------ Stored data

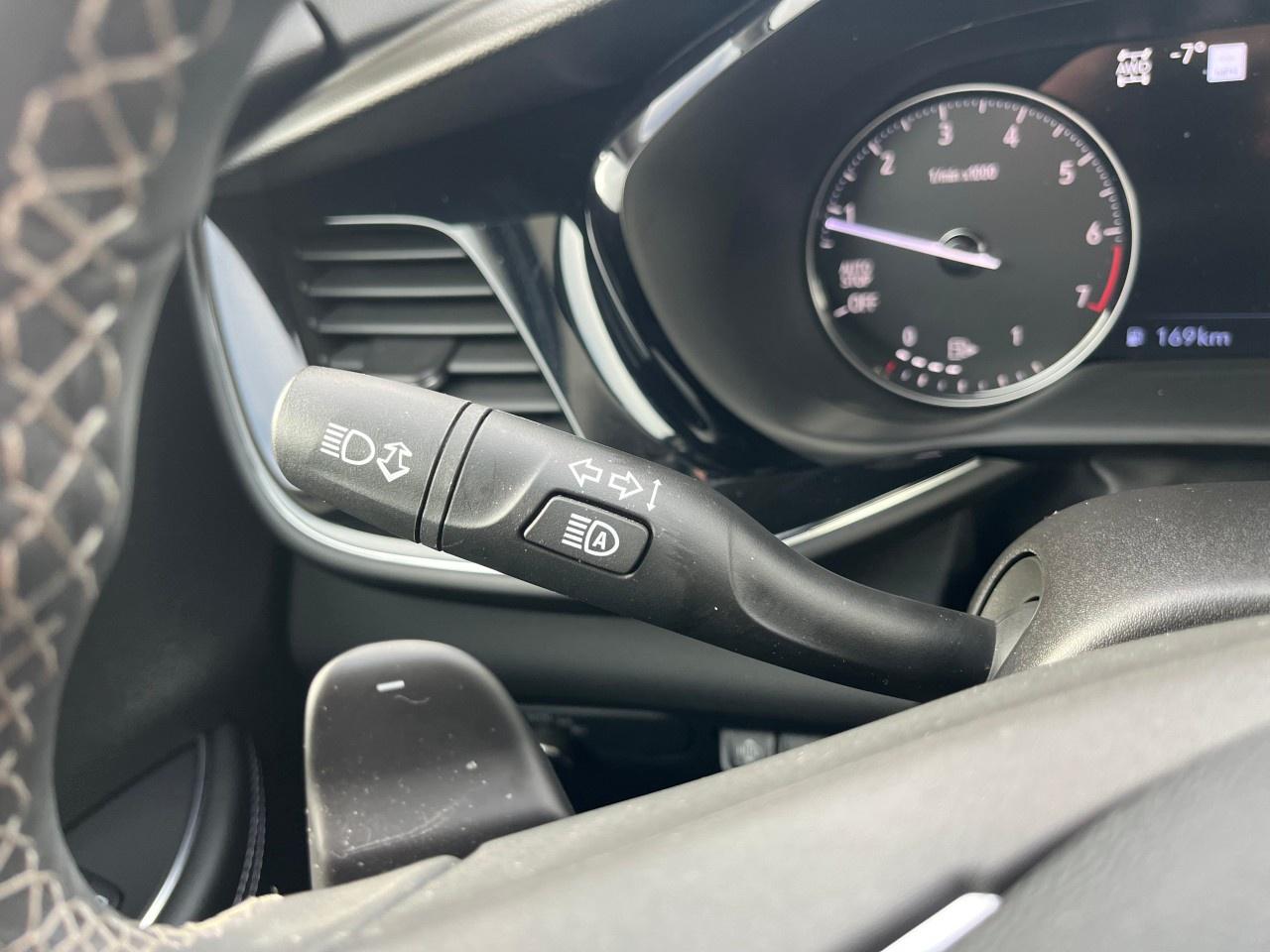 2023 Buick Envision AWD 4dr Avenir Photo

------------
------ Stored data

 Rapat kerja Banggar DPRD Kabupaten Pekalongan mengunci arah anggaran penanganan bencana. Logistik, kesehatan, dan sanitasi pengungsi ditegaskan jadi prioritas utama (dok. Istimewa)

------------
------ Stored data

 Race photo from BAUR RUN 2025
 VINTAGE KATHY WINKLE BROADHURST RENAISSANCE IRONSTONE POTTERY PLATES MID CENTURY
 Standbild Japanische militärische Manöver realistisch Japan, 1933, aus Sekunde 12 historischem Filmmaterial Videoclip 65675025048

------------

**Exercise requirements**
From the data above, output only the lines between the line containing "Race photo from BAUR RUN 2025" and the line containing "Standbild Japanische militärische", inclusive, exactly as written.

**Result below**
 Race photo from BAUR RUN 2025
 VINTAGE KATHY WINKLE BROADHURST RENAISSANCE IRONSTONE POTTERY PLATES MID CENTURY
 Standbild Japanische militärische Manöver realistisch Japan, 1933, aus Sekunde 12 historischem Filmmaterial Videoclip 65675025048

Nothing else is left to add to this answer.